Seems to work okay on c8000.  Don't know if it helps performance.

Dave
> [PATCH v2] parisc: improve cach flushing in arch_sync_dma_for_cpu()
>
> Add comment in arch_sync_dma_for_device() and handle the direction flag in
> arch_sync_dma_for_cpu().
>
> When receiving data from the device (DMA_FROM_DEVICE) unconditionally
> purge the data cache in arch_sync_dma_for_cpu().
>
> Signed-off-by: Helge Deller <deller@gmx.de>
> diff --git a/arch/parisc/kernel/pci-dma.c b/arch/parisc/kernel/pci-dma.c
> index ba87f791323b..71ed5391f29d 100644
> --- a/arch/parisc/kernel/pci-dma.c
> +++ b/arch/parisc/kernel/pci-dma.c
> @@ -446,11 +446,27 @@ void arch_dma_free(struct device *dev, size_t size, void *vaddr,
>   void arch_sync_dma_for_device(phys_addr_t paddr, size_t size,
>   		enum dma_data_direction dir)
>   {
> +	/*
> +	 * fdc: The data cache line is written back to memory, if and only if
> +	 * it is dirty, and then invalidated from the data cache.
> +	 */
>   	flush_kernel_dcache_range((unsigned long)phys_to_virt(paddr), size);
>   }
>
>   void arch_sync_dma_for_cpu(phys_addr_t paddr, size_t size,
>   		enum dma_data_direction dir)
>   {
> -	flush_kernel_dcache_range((unsigned long)phys_to_virt(paddr), size);
> +	unsigned long addr = (unsigned long) phys_to_virt(paddr);
> +
> +	switch (dir) {
> +	case DMA_TO_DEVICE:
> +	case DMA_BIDIRECTIONAL:
> +		flush_kernel_dcache_range(addr, size);
> +		return;
> +	case DMA_FROM_DEVICE:
> +		purge_kernel_dcache_range_asm(addr, addr + size);
> +		return;
> +	default:
> +		BUG();
> +	}
>   }
Helge Deller May 20, 2023, 5:10 a.m.

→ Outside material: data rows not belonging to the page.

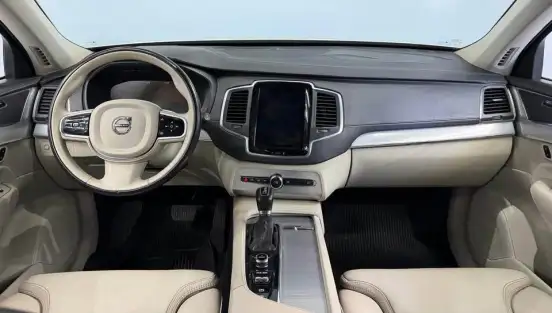 VOLVO-XC90-2.0 T6 GASOLINA MOMENTUM AWD GEARTRONIC VOLVO-XC90-2016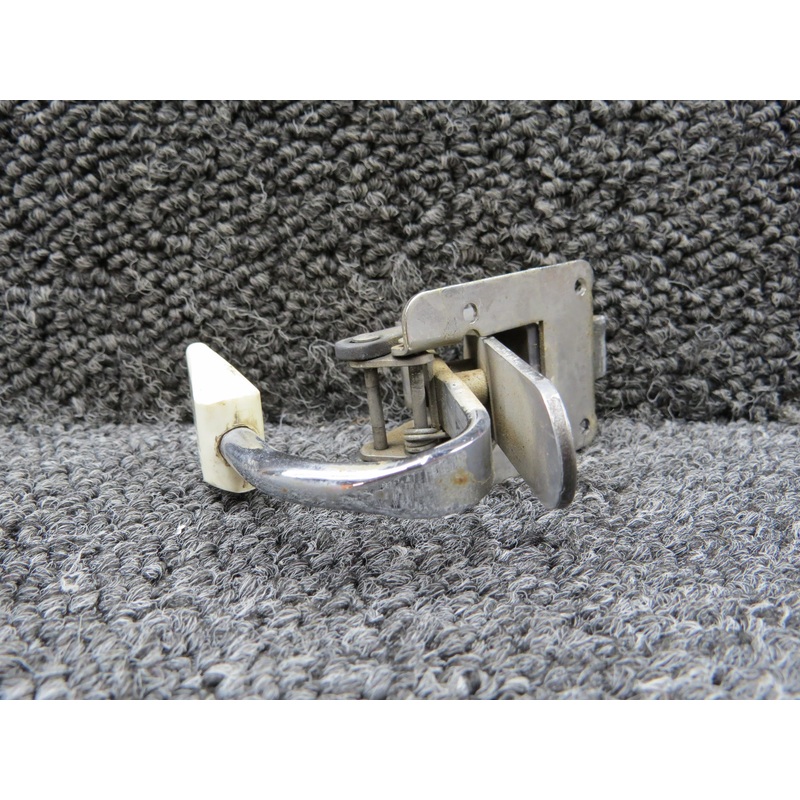 S1359-3 (Alt: H431-1) Cessna 205 Baggage Door Latch Assembly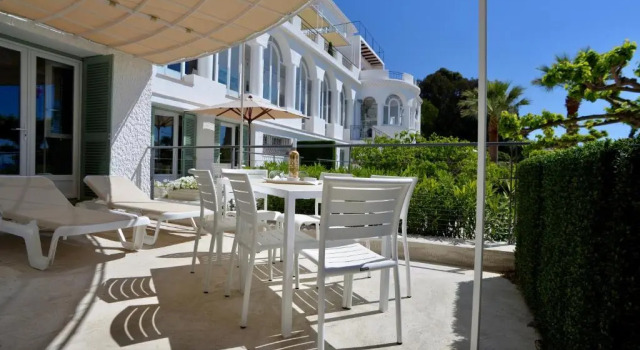 Апартаменты Auberge De La Calanque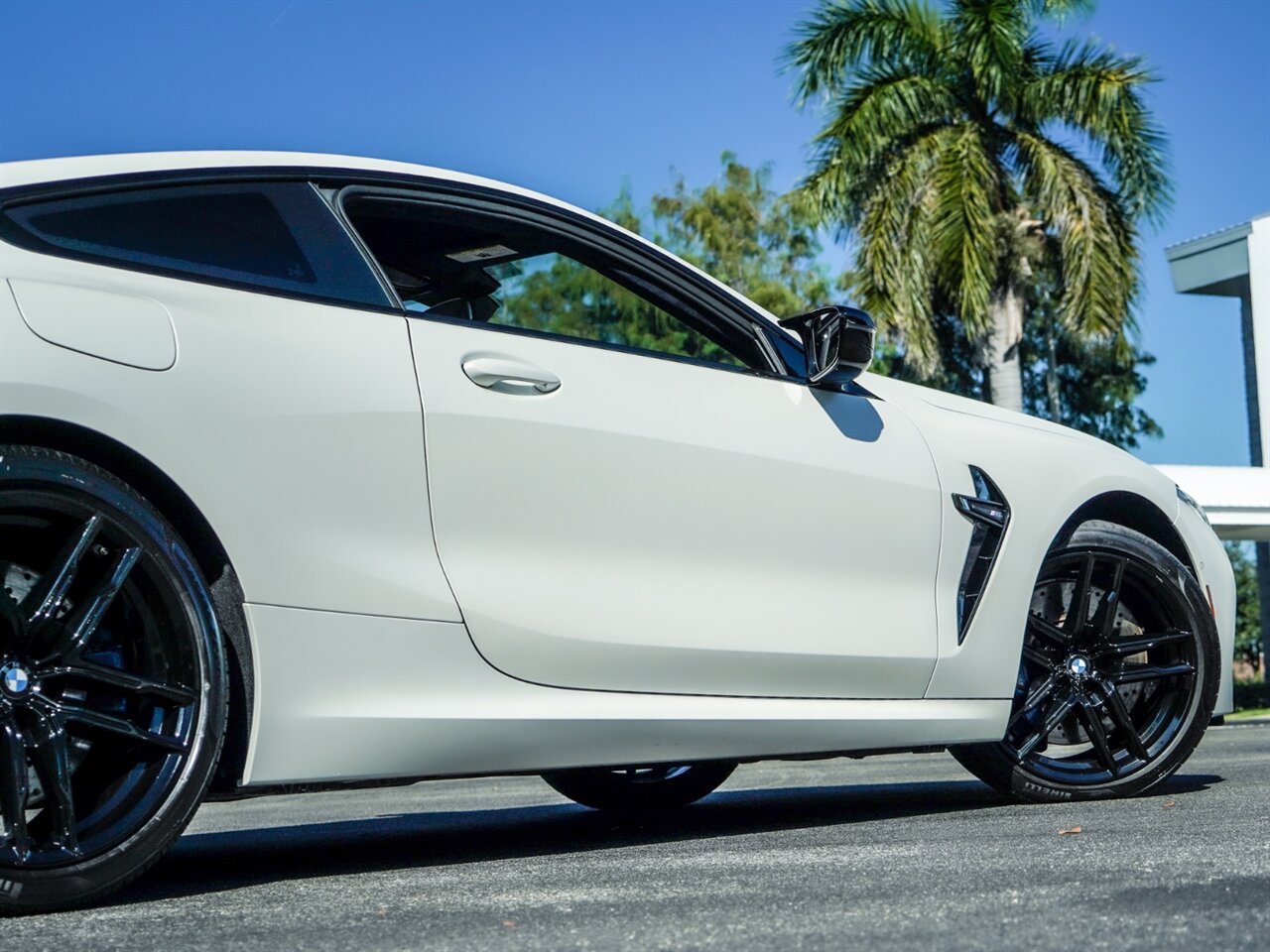 2020 BMW M8 Competition   - Photo 40 - Bonita Springs, FL 34134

UTC | #6
On 5/19/23 18:07, John David Anglin wrote:
> On 2023-05-16 2:00 p.m., Helge Deller wrote:
>> * John David Anglin <dave.anglin@bell.net>:
>>> On 2023-05-16 3:09 a.m., Helge Deller wrote:
>>>> On 5/16/23 00:28, John David Anglin wrote:
>>>>> On 2023-05-15 2:39 p.m., Helge Deller wrote:
>>>>>> +    case DMA_BIDIRECTIONAL:
>>>>>> +        flush_kernel_dcache_range(addr, size);
>>>>>> +        purge_kernel_dcache_range_asm(addr, addr + size);
>>>>> I don't think flush and purge are both needed.
>>>> I'm not sure...
>>>>
>>>> Just to fully understand it. Is this short summary correct: ?
>>>> - flush_kernel_dcache_range: flush cache back to memory, but keep data in cache.
>>> No.  If present, fdc writes addressed cache line to memory if and only if line is dirty.  It
>>> then invalidates line.  It does not keep data in cache.
>>>
>>> Next read loads from memory.
>>>>      Next read fetches the data which is still in the cache, thus the next
>>>>      read doesn't checks if data in memory has been modified in the meantime (e.g. via DMA).
>>>> - purge_kernel_dcache_range_asm: ignore currently cached data & drop any cached data in that range.
>>>>      Even if cache has dirty memory which hasn't been written back yet, drop it and don't write back.
>>> if present, pdc invalidates line.  At privilege level zero, an implementation may optionally write
>>> back a dirty line to memory.  At non-zero privilege levels, fdc and pdc are effectively the same.
>>>
>>> I don't know how to determine whether pdc does write back or not. It would be specified in processor
>>> ERS.
>> Thanks for the explanation!
>> With that, I've attached an updated (untested) patch below.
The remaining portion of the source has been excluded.